Re-provisioning the Cluster

Posted on 15 December, 2020 by Josh Kasuboski · 2min read

The SD card died in the server node of my cluster 😢. Time to start again.

Tragedy

The SD card in blueberry died taking down the kubernetes api with it. The workloads were still running so it didn’t matter too much, but I couldn’t do anything new.

I didn’t have a backup for the SD card… so was going to have to start again. I took the opportunity to try out some new things. I had been wanting to try out Ubuntu on the Raspberry Pi since they recently announced official support.

My thought with Ubuntu is to standardize more on the various machines I run. Previously, Raspbian had to have its own process for all automations.

Re-provisioning

After deciding to go with Ubuntu, I needed to flash the sd cards with ubuntu and reinstall k3s. I used a pre-installed image of Ubuntu so was able to have them boot headlessly using cloud-init.

After flashing, I could edit the cloud-init files so the pi would come up with the correct hostname and my ssh keys. I used this repo from billimek.

Installing k3s

I decided to install cilium as the cni instead of the bundled flannel. I initially wanted to use the multi-cluster features of cilium, but that seems to require running etcd separately… so I will have to figure out if that’s worth running on the Raspberry Pis. I was able to use the Hubble UI to have real-time telemetry info. In the future, I want to use the Cilium cluster-wide network policies.

Cilium on k3s requires disabling the built-in flannel. I had to use the deprecated --no-flannel since --flannel-backend=none didn’t seem to be supported.
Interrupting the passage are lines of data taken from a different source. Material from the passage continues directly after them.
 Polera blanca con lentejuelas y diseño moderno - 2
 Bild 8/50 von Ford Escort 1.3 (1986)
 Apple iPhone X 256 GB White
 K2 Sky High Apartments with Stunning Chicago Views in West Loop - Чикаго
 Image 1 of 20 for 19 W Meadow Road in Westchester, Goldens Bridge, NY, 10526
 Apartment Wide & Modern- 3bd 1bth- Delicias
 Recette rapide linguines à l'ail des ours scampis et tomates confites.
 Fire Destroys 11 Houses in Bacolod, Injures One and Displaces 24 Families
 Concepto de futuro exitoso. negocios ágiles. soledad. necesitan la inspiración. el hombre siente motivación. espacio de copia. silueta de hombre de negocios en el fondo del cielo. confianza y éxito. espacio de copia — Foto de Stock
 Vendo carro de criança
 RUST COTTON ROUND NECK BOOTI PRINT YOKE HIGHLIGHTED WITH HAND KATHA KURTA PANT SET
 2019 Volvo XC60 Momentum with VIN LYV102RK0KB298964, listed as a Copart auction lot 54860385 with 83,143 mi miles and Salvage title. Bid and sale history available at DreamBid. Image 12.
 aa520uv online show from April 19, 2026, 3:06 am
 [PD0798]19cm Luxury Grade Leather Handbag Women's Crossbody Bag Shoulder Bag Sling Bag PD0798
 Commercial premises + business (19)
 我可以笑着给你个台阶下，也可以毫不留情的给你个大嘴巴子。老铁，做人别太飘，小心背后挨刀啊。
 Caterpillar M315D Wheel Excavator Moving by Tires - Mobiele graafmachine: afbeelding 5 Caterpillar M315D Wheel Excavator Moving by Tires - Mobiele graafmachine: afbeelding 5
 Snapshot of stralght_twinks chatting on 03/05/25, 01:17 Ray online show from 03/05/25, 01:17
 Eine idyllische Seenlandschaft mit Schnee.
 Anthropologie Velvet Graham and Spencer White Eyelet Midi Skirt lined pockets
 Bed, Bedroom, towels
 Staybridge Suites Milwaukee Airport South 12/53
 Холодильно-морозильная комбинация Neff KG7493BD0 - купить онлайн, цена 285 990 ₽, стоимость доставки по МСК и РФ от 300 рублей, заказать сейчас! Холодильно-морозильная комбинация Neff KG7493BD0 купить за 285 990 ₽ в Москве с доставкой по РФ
I also had to manually install the loopback cni plugin from containernetworking/plugins.

Next Steps 🦶

I started making a new home-infra repo where I’ll start putting the steps (hopefully automated). Currently, just doing everything manually wasn’t all that bad. Getting the stateless workloads running again was basically reinstalling ArgoCD and then pointing it at my gitops repo.

One thing that was a little troublesome is remembering to label the node corresponding to the fast and slow storage. It was nice that my workloads requiring storage did land on the same node again, but it would be better for this to happen automatically. OpenEBS could probably help with this using the automatic detection of block devices and then letting you map that to storage classes.

Manually setting up the folders for the local-path-provisioner is pretty convenient though. I could probably just use local persistent volumes as well 🤷‍♂️.